M. Tiny. Officially, M. Tiny did not happen to me; he happened to M. Giant and Trash. But he was a great event. Being at the hospital with them was a little anxious at first, just because . . . oy, stress. But then it got easier, and I liked showing up with Thai food and Reese's Mini-Cups (if you ever want Trash to love you forever, that's pretty much the key) and talking to them about, from time to time, something other than being at the hospital. And then they brought him home, and a week and a half ago or so, I stayed with him all day. Discovered (1) the healing powers of "Bye Bye, Blackbird," (2) my limited burping skills, and (3) that the only thing that trumps the healing power of "Bye Bye, Blackbird" is the mid-feeding screechfest that is his trademark. He's lucky he's so cute.
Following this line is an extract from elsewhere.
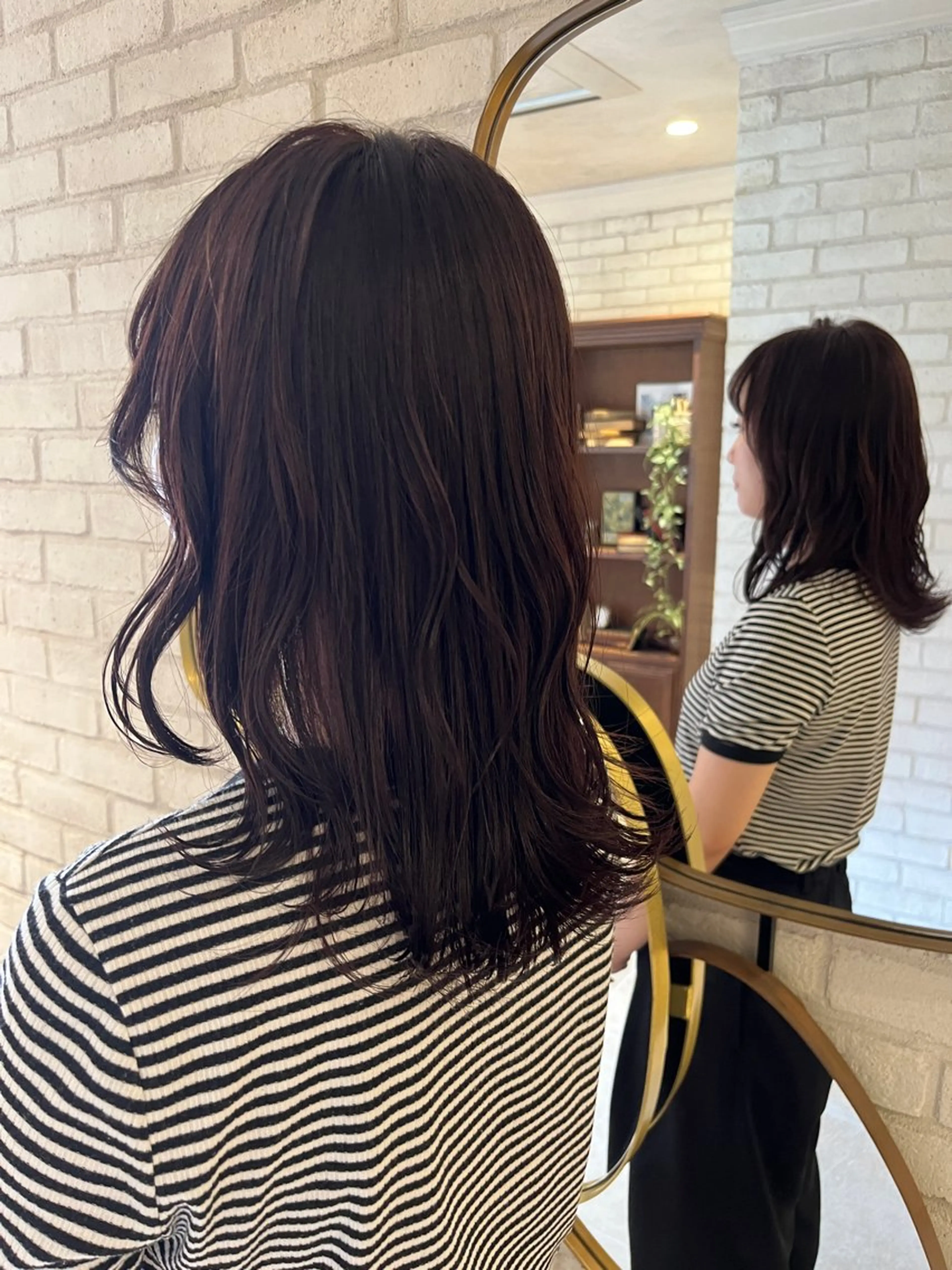 セミロング 橘 ゆきののヘアスタイル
Things. FlyBoy got engaged. The Professor's having a baby. Snowmobile Boy came and then went from the office where I now work. Everything moves, all the time.

It's hard to say you've made substantial progress in a year in which, at the end of it, you still can't dress yourself (see the entry just below this one). But all in all, I had a very happy year. Quitting my job was so smart I wish I had done it several years sooner, and everything worked out kind of the way it was supposed to. Of course, there is no peace, ever, in the best way, so I can already hear the whirring in my head where I try to figure out what's next. Because, again in a good way, something's always next, you know?

Things happen, and I look around, amazed. They're out of nowhere. They're insane. The good ones and the bad ones both. But three or four years ago, my complaint was that nothing ever happened. I didn't talk to people, I didn't like my job, I wasn't writing, I felt gross, it was . . . kind of sad. I prefer it this way, by leaps and bounds. My life has a certain Whack-A-Mole quality at times, but I constantly get better at it. Weirdly, the times I really feel like I screw up the most are when I have trouble being comfortable being happy. Happiness can make me nervous; it can make me jittery, like I can't relax. I have that instinct, still, to think the other shoe is about to drop. And it's not like it doesn't. Bad things happened this year; bad things will happen next year and every year. But I am finally figuring out how to kind of . . . not worry about it. Because really, what are you going to do? Life does not run well, I have ultimately discovered, if your primary strategy is a prevent defense.

So ultimately . . . lots of good. Mostly good. Basically, fundamentally good.

When you type the word "good" enough times, incidentally, it starts to look very strange.